_タクシードライバーは見た__60歳を越えたタクシー運転手の幸せな働き方_のコピー__55_

#タクシードライバーは見た「映画を撮っているんだ!」

もはや、映画のワンシーンを撮っていたんだと言いたい。
青山でお乗せしたスーツ姿のふたりの男は60を超えた風貌で、二人とも低く響く、太い声で会話をする。
不動産関連で大きなお金の動く話をする二人は、大手企業の名前がチラホラと出てくる。
一般的に生きていたら話題すら耳に入らず、そんなことが存在することも気付かないであろう。
まさに映画の中にいるようだった。

「あの✖✖というビルあるだろ、〇〇と、△△が金出しているらしいぞ」
「ああ、そうらしいな」
「お互い譲らんらしいから難しいみたいだけどな」

都内の土地に関しての大手企業の動きだろうか。
どちらも名を出せば知らぬ人はいない財閥系の企業だ。

「◇◇駅前のホテル、あの場所も出してるらしいな」
「ああ、そうなのか」
「額は△△が30億、そいで○○が18億、だけどあの場所を握っているのは〇〇なんだよ」
「ほ~」

全く内容が分からない!
とりあえず大手企業の、土地取得?権利取得?の争いが実は裏で続いていて、
今回は〇〇に軍配が上がった。的な話だったような気がするが
スケールがデカいというか、バン!バン!ババン!
と言う感じだ。

映画の中で夜の東京をヘリで上から眺める映像があり、そこには高層ビルが連なっている。

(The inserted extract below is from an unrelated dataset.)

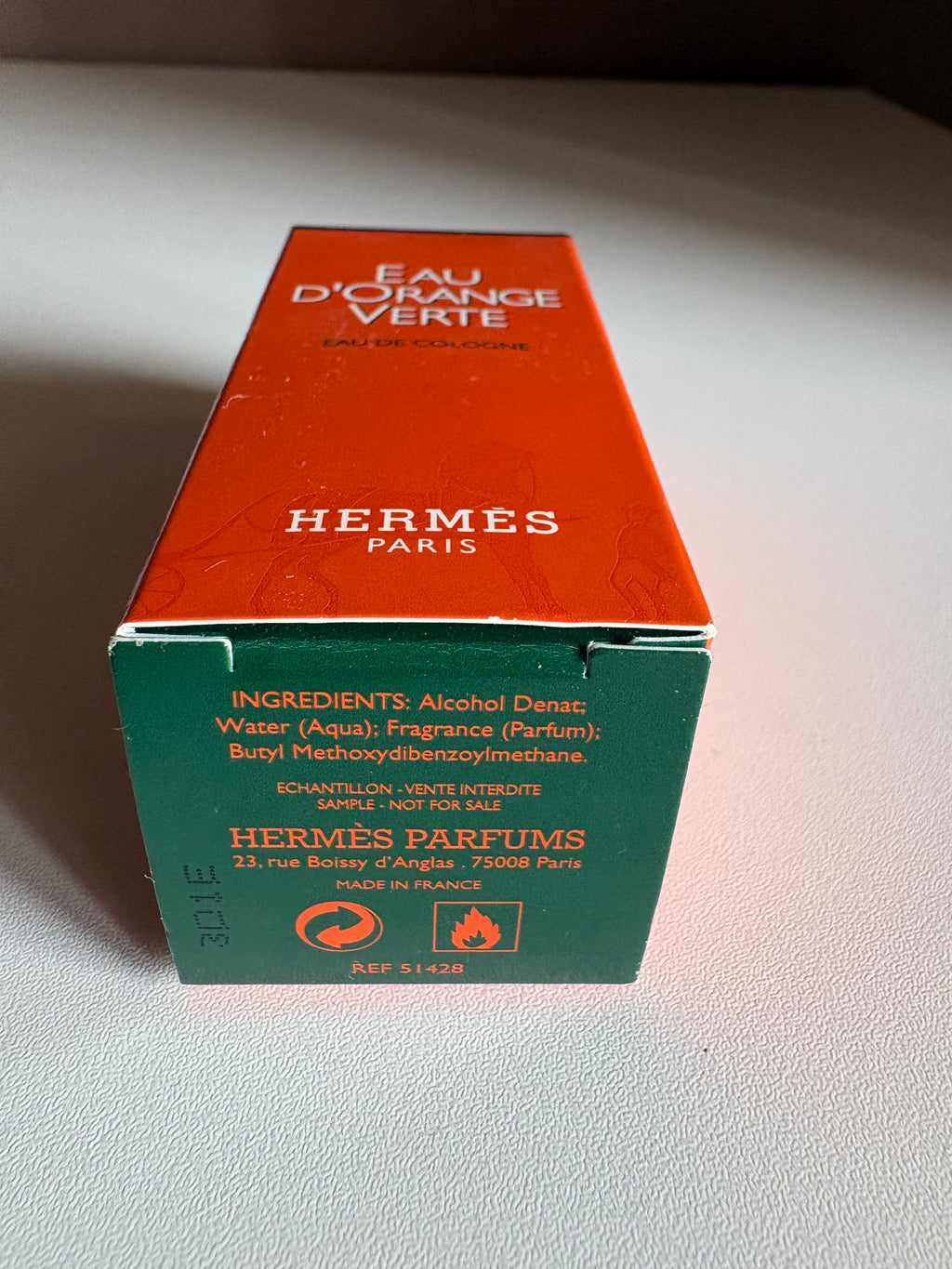 Vintage Hermès Eau d’Orange Verte 7.5ml – “Not for Sale” Boxed Sample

その街中を高級車やタクシーに交じって走る一台のタクシーに寄っていき、その中の会話が聞こえてくる。
その時に流れているのがバン!バン!ババン!といった感じのオーケストラの音楽。
そして、タクシーの車内のシーンに変わると次第に音は小さくなり、沈黙の中に響く太い声。
助手席からカメラが二人を抜いているが、暗く顔は映らない。
道路の街灯で微かに明かりが入り込むが上から下のため表情までは見えず、対向車のライトの光が二人の顔を舐めるよう左から右へ流れていく。

そこには口元が笑む男と眼鏡の奥に眼光鋭く対向車のヘッドライトを見る男がいた。

そんなシーンを撮っているんだ!

という気持ちになる時間だった。